#### Task brief:
One exact copy of the listing is needed. It should contain no pictures.

#### Raw data:
[Start of section]
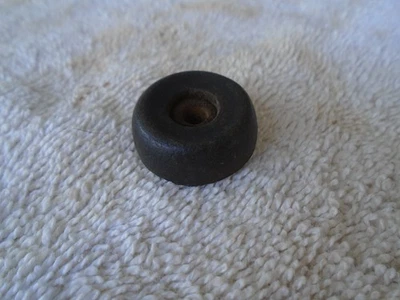 VINTAGE 1920's LUDWIG TRAPS BASS DRUM HOOP MOUNTED CYMBAL HOLDER RUBBER WASHER - Image 1 of 2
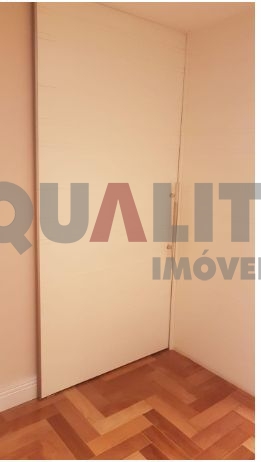 Venda de apartamento luxuoso em Moema Índios com 204 m², 4 quartos, 3 suítes, varanda gourmet e 3 vagas de garagem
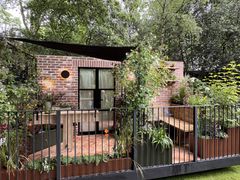 Altaner, terrasser og små byhaver viser, at man ikke behøver mange kvadratmeter for at skabe natur og liv omkring sig – her illustreret på Chelsea Flower Show.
[End of section]
#### Written reply:
 VINTAGE 1920's LUDWIG TRAPS BASS DRUM HOOP MOUNTED CYMBAL HOLDER RUBBER WASHER - Image 1 of 2
 Venda de apartamento luxuoso em Moema Índios com 204 m², 4 quartos, 3 suítes, varanda gourmet e 3 vagas de garagem
 Altaner, terrasser og små byhaver viser, at man ikke behøver mange kvadratmeter for at skabe natur og liv omkring sig – her illustreret på Chelsea Flower Show.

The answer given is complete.